*** Raw data

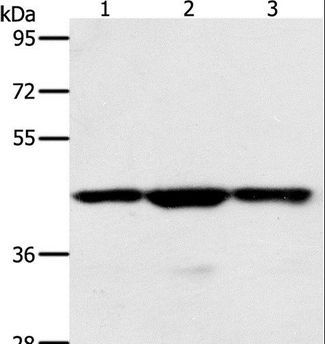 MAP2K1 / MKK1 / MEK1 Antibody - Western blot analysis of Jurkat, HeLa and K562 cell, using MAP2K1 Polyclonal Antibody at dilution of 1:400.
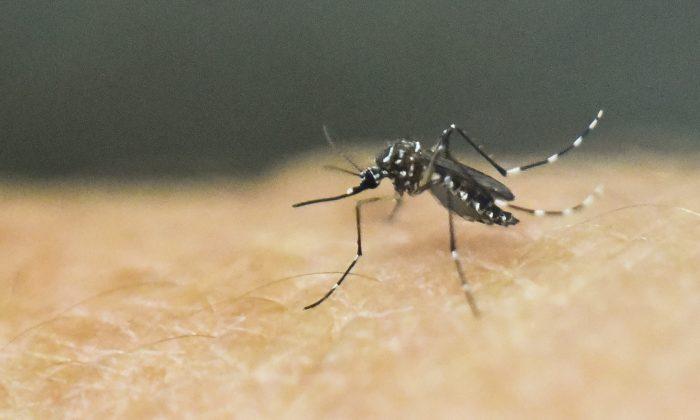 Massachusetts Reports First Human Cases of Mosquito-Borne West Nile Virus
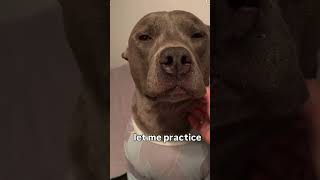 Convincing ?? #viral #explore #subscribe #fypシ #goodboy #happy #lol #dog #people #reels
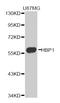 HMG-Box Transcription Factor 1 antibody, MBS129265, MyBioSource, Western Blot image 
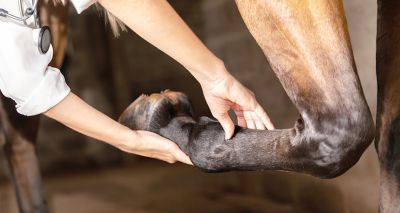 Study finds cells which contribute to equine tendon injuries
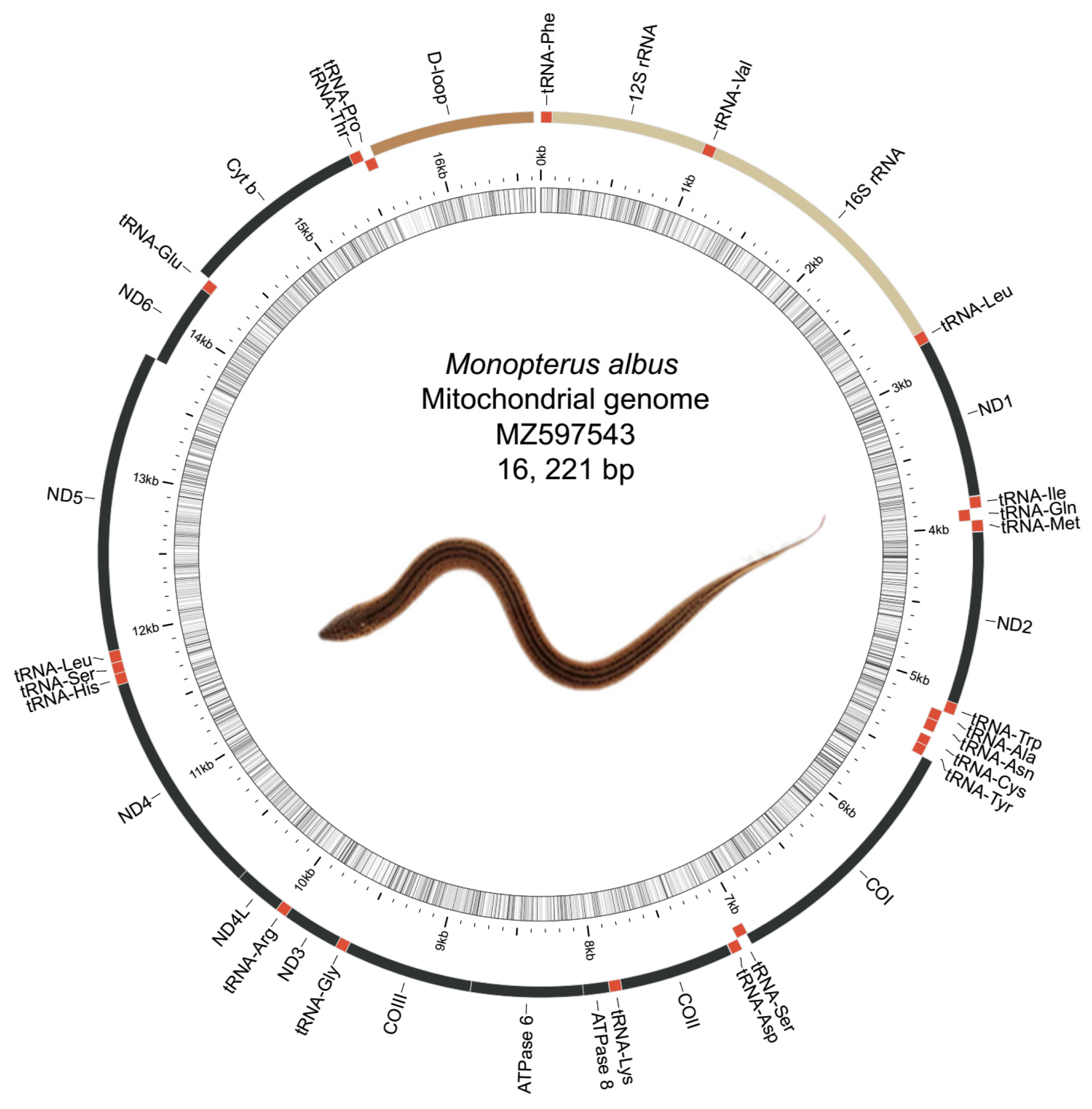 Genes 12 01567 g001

******

When you reach the line containing "Convincing ?? #viral" in the entries above, please retype it and each line after it through the last one, exactly, without the pictures.

 Convincing ?? #viral #explore #subscribe #fypシ #goodboy #happy #lol #dog #people #reels
 HMG-Box Transcription Factor 1 antibody, MBS129265, MyBioSource, Western Blot image 
 Study finds cells which contribute to equine tendon injuries
 Genes 12 01567 g001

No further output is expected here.